As stated above, the passage of carbapenems across the intact BBB ensures a CSF penetration ratio of approximately 0.1X [14]. The inflammation of encephalic barriers permits increased passage (up to 0.2X). CSF samples obtained by EVD better reflect drug concentrations than those obtained by LPD. In 20 patients affected by EVD-associated ventriculitis, the median CSF/serum ratio was 0.09X (range, 0.03–0.16X) [81]. A POP/PK study in 10 ICU patients observed a mean CSF/serum ratio of 0.06X (interquartile range, IQR, 0.02–0.08X) after a short infusion of meropenem 2 g [82,83]. An increased ratio of 0.18X (range, 0.02–0.40X) was obtained in 20 patients who received meropenem according to a 1 g LD followed by a CI of 6 g/day that was subsequently adjusted to achieve CSF concentrations >6 mg/L [84]. Of note, a POP/PK study in newborns found similar results, with a calculated passage of meropenem across the BBB of 0.08X, and CSF penetration depended on proteinorrachia [35]. However, the simulation of prolonged infusions revealed a decreased passage of meropenem within the CSF, because short i.v. infusions may facilitate passive diffusion through increased concentration gradients across the BBB. Another multicenter study in 188 newborns (age ≤ 92 days) found greater penetration of meropenem 20–30 mg/kg q8h or q12h into CSF (0.7X, range, 0.05–0.78X) [85]. As discussed for penicillins, the young age of patients and the progressive development of the BBB across ages could be responsible for the high variability of meropenem passage into CSF.

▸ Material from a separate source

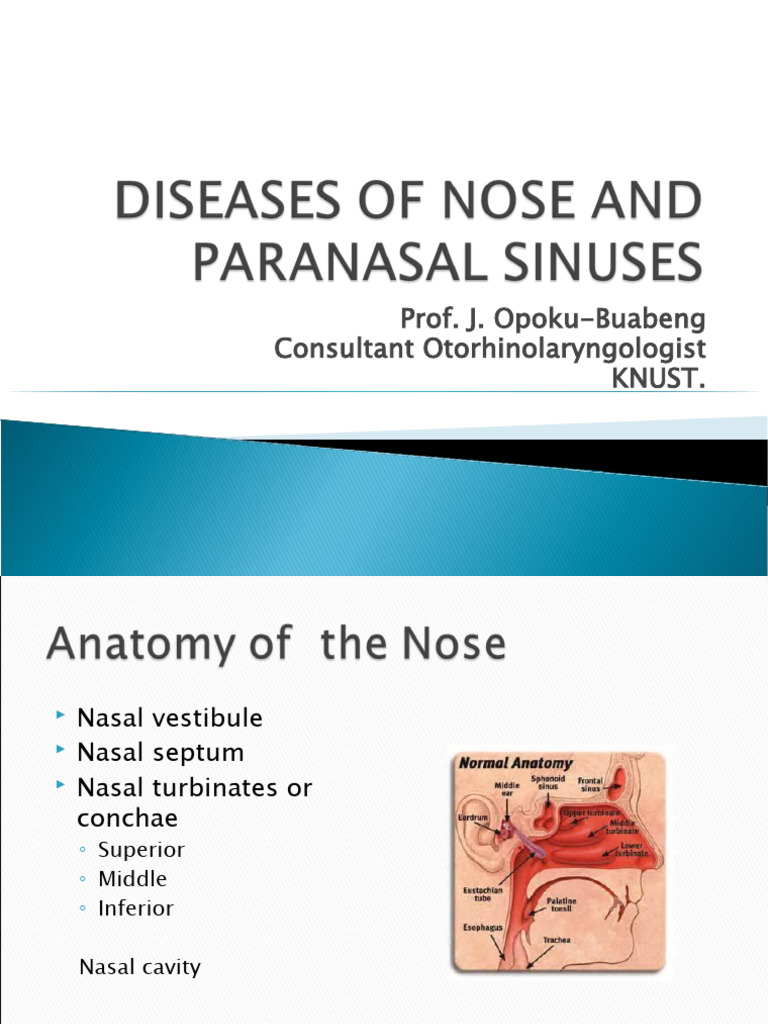 Understanding Nasal Anatomy and Disorders | PDF | Human Nose | Clinical ...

The disposition of ertapenem 1 g/day in the lower respiratory tract was investigated in VAP patients, showing that the ELF/serum ratio was approximately 0.3X (range, 0.12–0.63X) throughout the entire time interval between two consecutive doses [86].

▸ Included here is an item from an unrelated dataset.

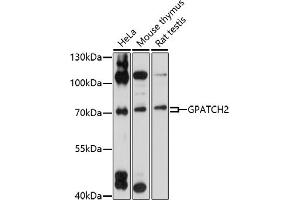 Western blot analysis of extracts of various cell lines, using GP antibody (ABIN7267287) at 1:1000 dilution. (GPATCH2 anticorps  (AA 1-250))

In 39 VAP patients who received meropenem as 30 min (0.5 or 2 g) or 3 h infusions (1 g), the median ELF/plasma AUC ratio was 0.26X, in agreement with a simulated median penetration ratio of 0.26X (90% confidence interval, 0.04–1.78X) [87]. More interestingly, in a study enrolling 55 VAP/healthcare-associated pneumonia (HAP) patients, 3 h infusions of meropenem 1 g yielded greater mean ELF/plasma AUC ratios (0.29X) than short, 30 min infusions (0.20X) [88]. The standard dose of 1 g q8h was ineffective in achieving therapeutic T > MIC values of at least 40–100%, hence, supporting the administration of higher doses (i.e., 2 g as 3 h i.v. infusions q8h). It is worth noting that a recent study in HAP patients demonstrated that, when meropenem was administered as a LD (1 g) followed by CI (1–2 g q8h), the ELF/plasma ratio was 0.32X and 0.36X for total daily doses of 3 g and 6 g, respectively [36]. However, only the highest registered dose of meropenem allowed the attainment of the predefined PK/PD target of 50% fT > MIC for MIC values < 4 mg/L. These data strongly support the use of meropenem 2 g q8h as continuous infusions for increasing the probability of an effective treatment, even if the stability of meropenem solutions is limited to 5–8 h [89]. In 48 HV who were treated with meropenem 0.5–2.0 g q8h, mean alveolar cells (AC)/plasma AUC ratios were 0.15X and 0.25X for meropenem doses of 0.5 and 1 g, respectively [90]. For the same dose levels, the mean ELF/plasma AUC ratios were approximately 0.43X and 0.28X.
Meropenem 2 g and vaborbactam 2 g administered as 3 h i.v. infusions had mean/median ELF/unbound plasma ratios of 0.65/0.59X and 0.79/0.72X, respectively, after the third dose [91]. Of note, the tissue/plasma ratio of the beta-lactamase inhibitor in alveolar macrophages (AM) ranged between 0.06X and 2.58X up to 8 h after dosing. These findings suggest that meropenem and vaborbactam (both at doses of 2 g q8h) may achieve effective concentrations in the ELF.
At steady state, the ELF/plasma penetration ratio of imipenem 0.5 g q6h was 0.44X according to the POP/PK model [92]. A subsequent piece of research using HV found that the ELF/plasma and AC/plasma ratios for relebactam 0.25 g were 0.54X and 0.36X, respectively, taking into consideration a plasma protein binding of 20% [93]. Similarly, the ELF/plasma ratio for imipenem was 0.55X (plasma protein binding 20%), but the drug was undetectable in AC. In agreement with the previous study of meropenem/vaborbactam, imipenem/relebactam displayed overlapping concentration profiles in ELF, supporting its use in pneumonia patients. Finally, instillation of imipenem ensured higher concentrations in bronchial secretions than after nebulization [94].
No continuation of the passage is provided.